10 Eylül 2015 Perşembe

Enver Paşa ve Sarıkamış

                 Her halde, daha önceki yazılarda da anlatmaya çalıştığım gibi, büyük adam ve bir milli kahraman olabilmek için, insanın ülkesini çok sevmesi ve çok çalışması yeterli değildir. Bunun da en büyük kanıtı, vücut bulmuş hali, herhalde Enver Paşa'dır. 
                  Üstelik Paşa'nın kariyeri oldukça çalkantılı başlamıştı. Henüz binbaşı iken, Kurmay Albay Nazım Bey'i öldürme girişiminde rol aldı. Divan-ı Harbe çıkmadan önce dağlara çıkarak İttihat ve Terakki içerisinde çalışmaya devam etti. Bu dönemde yaptığı işler nedeniyle “Hürriyet kahramanı” diye anılmış ve cemiyet içindeki askeri kanadın en önemli isimlerinden biri olmuştur. 

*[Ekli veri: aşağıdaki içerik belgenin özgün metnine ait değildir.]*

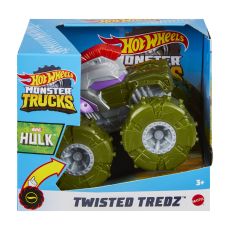 پک تکی ماشین 13 سانتی Hot Wheels سری Monster Truck مدل Marvel Hulk, image 5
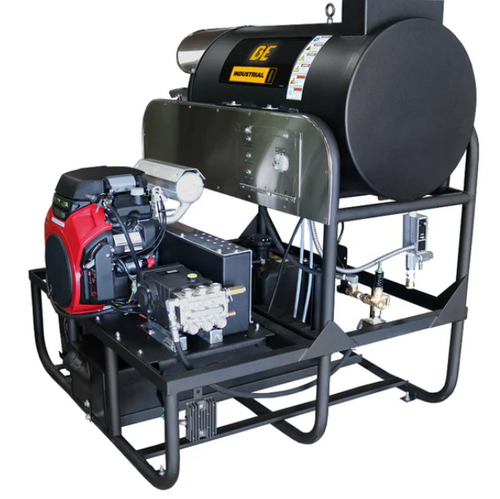BE Pressure Washer SKID- 3,000 PSI, 10 GPM, Hot Water, Honda GX690, AR Triplex Pump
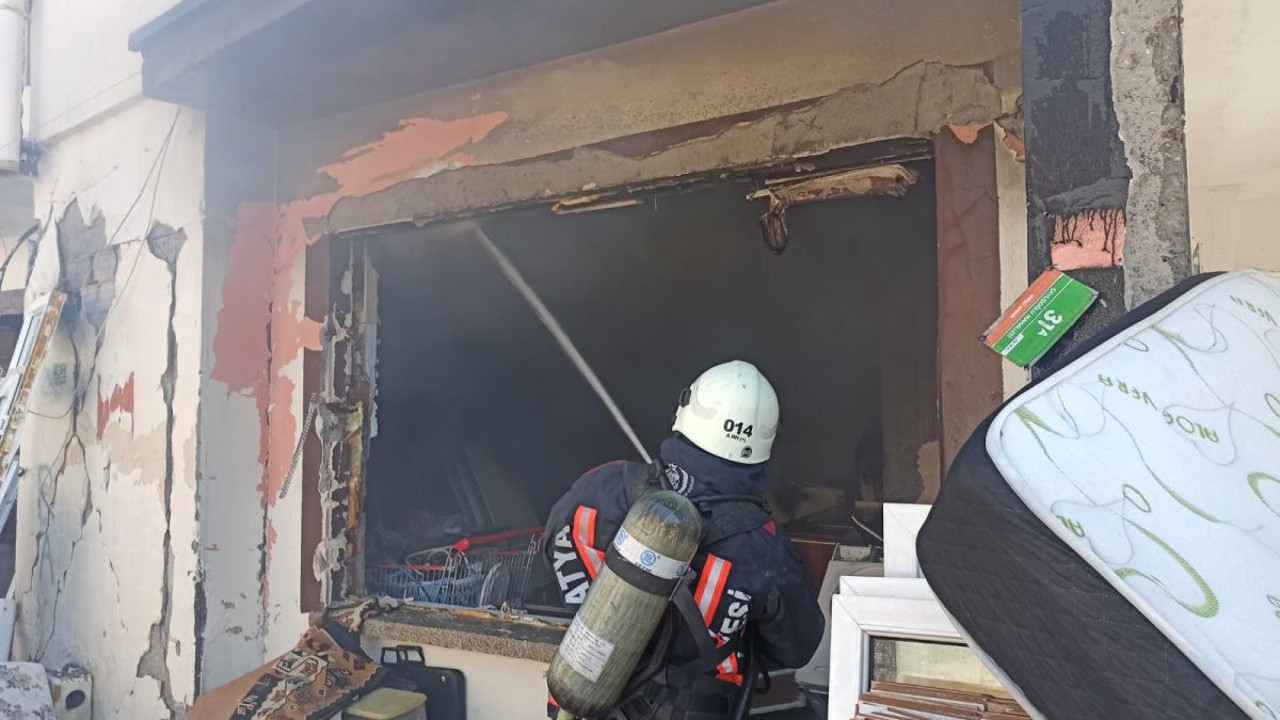 Malatya’da ev yangını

                 Çok daha sonraları Trablusgarp'ta da önemli başarılar elde etmiş fakat daha sonra Balkan Harbi'nin patlaması nedeniyle Mustafa Kemal ve diğer subaylarla yurda geri dönmüştür. İkinci Balkan Harbi'nde Bulgar ordusunun başka cephelerde olmasından yararlanıp Edirne'yi ele geçirmiş ve generalliğe yükseltilmiştir. Harbiye Nazırı olması ve padişahın kızı ile evlenmesi de zirveye yerleşmesine ve etkinliğini iyice arttırmasına yardımcı olmuştur. Bu süreçteki görev ve rütbe alımları zaten her yerde olan bilgiler olduğundan çok uzatmak istemiyorum. 
                   Sonuçta Enver Paşa ve İttihatçılar, devlet içinde devletten yani padişahın kendisinden daha etkin konuma gelmiştir. Sonuçta Birinci Dünya Savaşı başlar ve iş Sarıkamış Cephesi'nin açılmasına kadar gelir. Aslında bu bir taarruz savaşı olacaktır. Enver, bu şekilde Kafkas petrollerine ulaşacağını, hatta Orta Asya'da Türklerin ayaklanarak Rusya'ya baş kaldıracağını düşünmektedir. 
                    Harekat gücü olarak aslında, seksen binin biraz üzerindedir düzenli asker sayısı. Birliklerin geri kalanı ikmal birimleri ve yardımcı kuvvetlerdir. Bu kuvvetlerinin donanımının ve erzak ikmalinin yetersiz olduğu hep söylenen ve bilinen gerçekler. Fakat hiç ikmal gönderilmemiş, kaderlerine terk edilmiş değiller. Aslında Mithatpaşa, Bezmialem ve Brahmier adlı gemilerle erzak ve giyecek takviyesi Karadeniz üzerinden yollanıyor, fakat o sırada Karadeniz şehirlerini (başta kömür nedeniyle Zonguldak) bombalamak amacıyla yola çıkan bir Rus filosu yolda bu gemilere rastlayıp onları batırmıştır.  
                  İşte Rusların bu donanma üstünlüğü nedeniyle erzağın iyice azalması sonucu Enver Paşa bir an önce sonuca gitmek istemiş ve saldırıya geçmiştir. Yani zamanı ve şartları doğru değerlendirememiştir. İşte büyük adam, milli kahraman ve büyük komutan dediğimiz kimse kendisini zaten tam da böyle anlarda gösterir. Ki Vikingler'den Eski Yunan'a kadar bu durumu özetleyen bir atasözü hemen her millette vardır.. “ Sadece aptallar kaybedecekleri bir savaşı başlatır." 
                 Üstelik Enver Paşa'ya sorulduğunda Balkanlardan Türkistan'a kadar uzanan büyük bir devlet için yine olsa, yine aynı savaşa gireceğini söylemiştir. İşte bu hayalci adamın maceralarının Anadolu insanını götürdüğü yer de Sarıkamış olmuştur. Kendisi de daha sonra yine Orta Asya'da Rusya'ya karşı bir ayaklanma peşinde koşarken, giriştiği hücum sırasında vurularak ölmüştür.